(Data records)
┌──
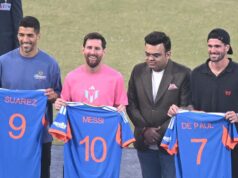 Messi encerra o GOAT India Tour de três dias com etapa de Delhi com crianças e fãs lightbox-info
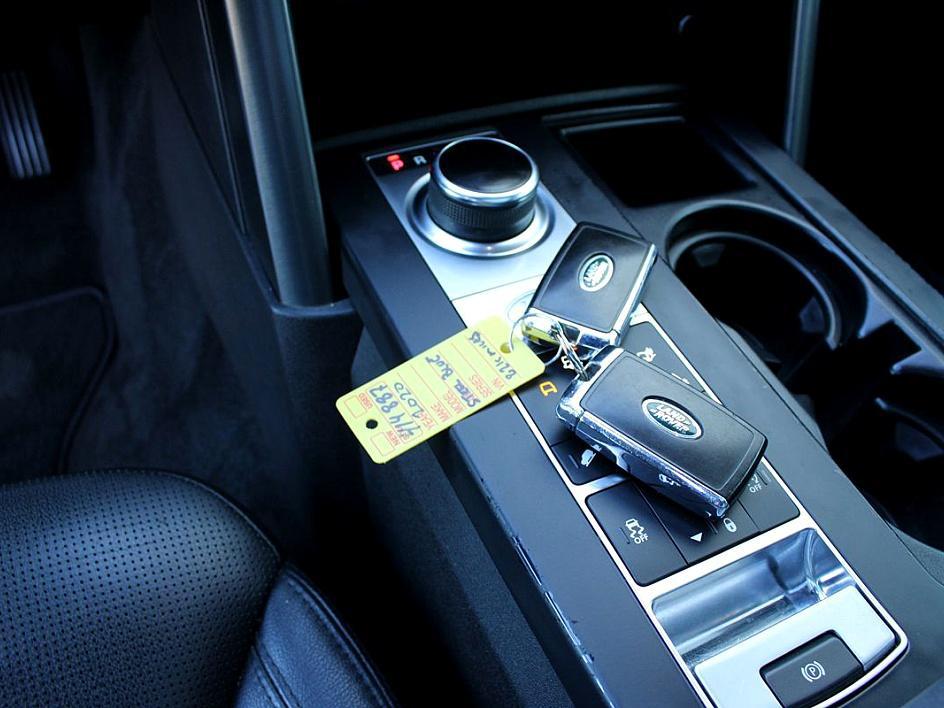 2020 Land Rover Discovery Landmark Edition - Photo 13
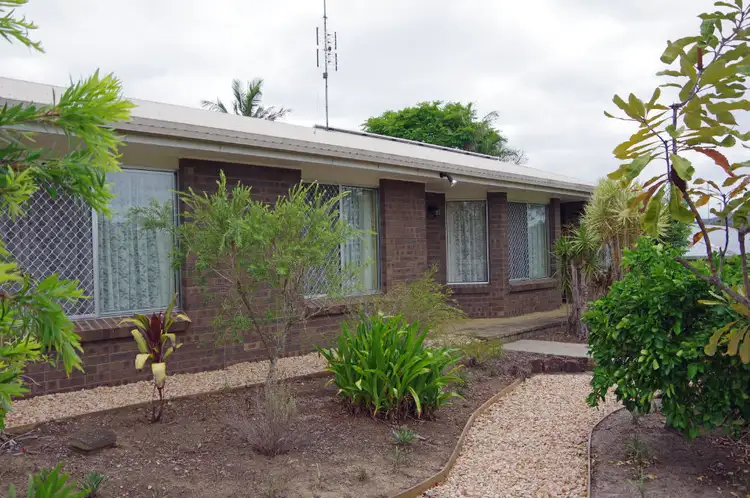 12 Lachlan Avenue, Nambour QLD 4560
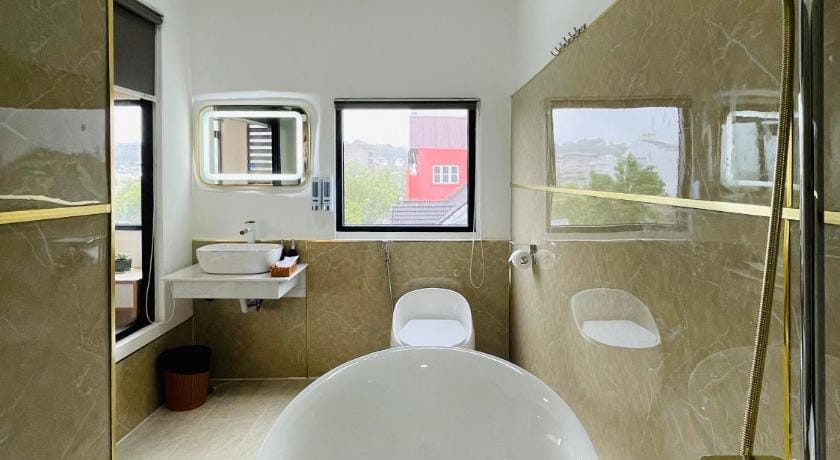 Vượng Trần Diamond Hotel in Dalat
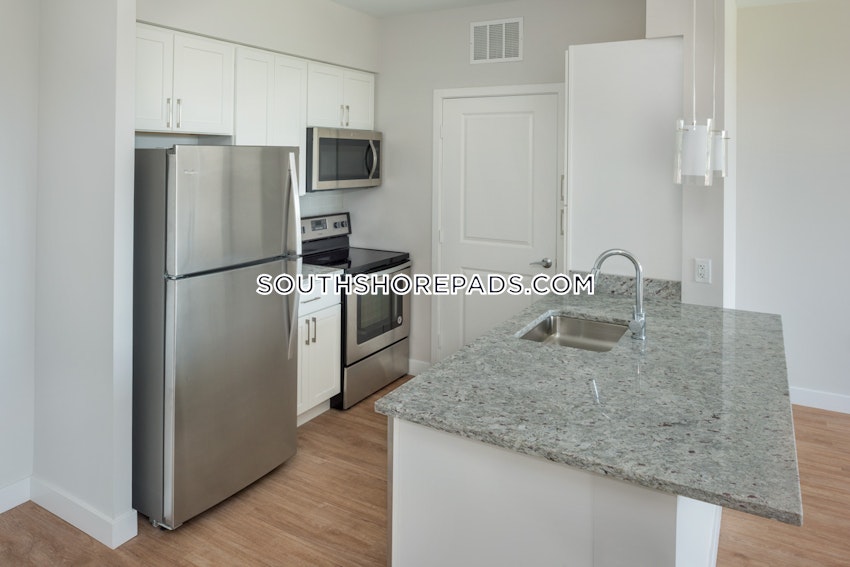 BRAINTREE - 2 Beds, 1 Bath - Image 3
└──
* Your task
Every line above should be returned exactly; the pictures stay out.

* Solution
 Messi encerra o GOAT India Tour de três dias com etapa de Delhi com crianças e fãs lightbox-info
 2020 Land Rover Discovery Landmark Edition - Photo 13
 12 Lachlan Avenue, Nambour QLD 4560
 Vượng Trần Diamond Hotel in Dalat
 BRAINTREE - 2 Beds, 1 Bath - Image 3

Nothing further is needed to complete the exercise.